(PTI): Switzerland is in urgent need of tighter financial regulations than other countries, given the size of its banks relative to its economy, Swiss National Bank Vice-Chairman, Philipp Hildebrand, says.

In a speech in Geneva Wednesday, Philipp Hildebrand, who is to take over as Swiss National Bank (SNB) chairman next year, said the “exceptional” size of the two biggest Swiss banks, UBS and Credit Suisse, means “prudent decision-making” is needed on the regulatory framework to reduce the country’s vulnerability to financial shocks in the future.

“Not all countries are confronted with the same urgency for reform as we are in Switzerland,” he said.

He said SNB was investing a considerable amount of its resources to back international regulatory reform projects in favor of a balanced decision-making, noting that it might not be enough for Switzerland as the total assets of the Swiss banks exceed seven times the nation’s GDP.

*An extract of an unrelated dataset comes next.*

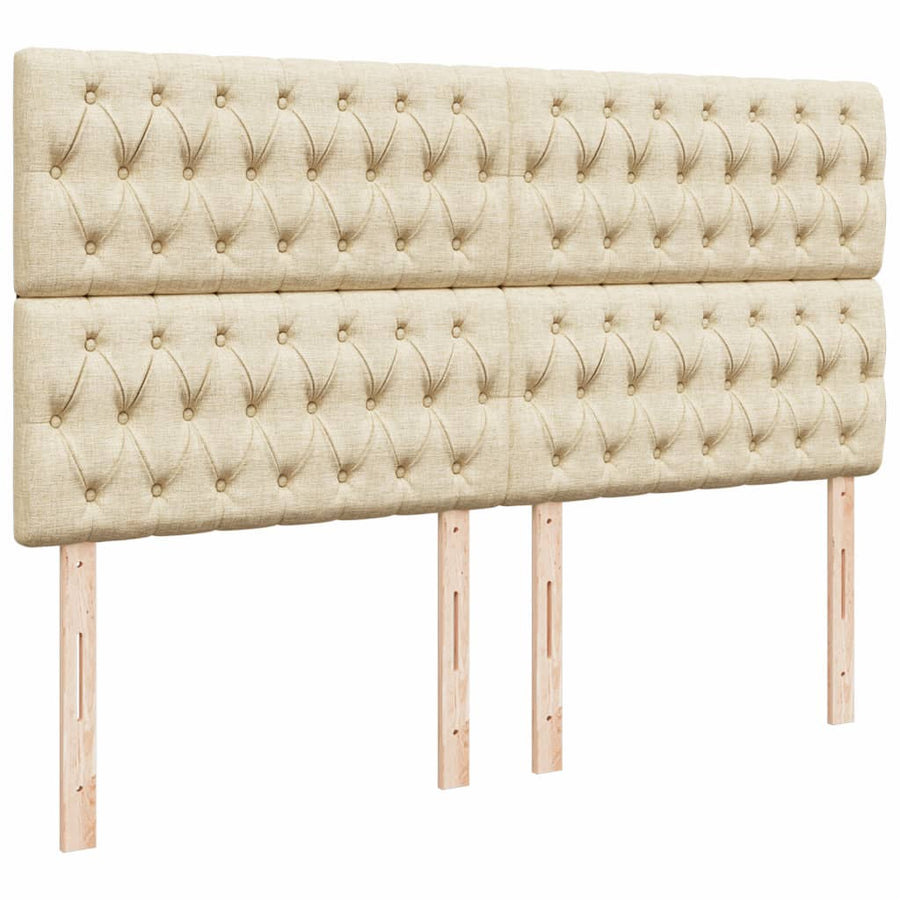 Boxspring met matras stof crèmekleurig 200x200 cm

“It is interesting and certainly promising to note that the two big Swiss banks now emphasize their strong capital position as an important competitive advantage,” he said.

However, officials of the two large Swiss banks have warned that the strict Swiss financial regulations may put them at a competitive disadvantage urging for a closer coordination with other international regulators.

He called on banks to facilitate reforms rather than resisting them.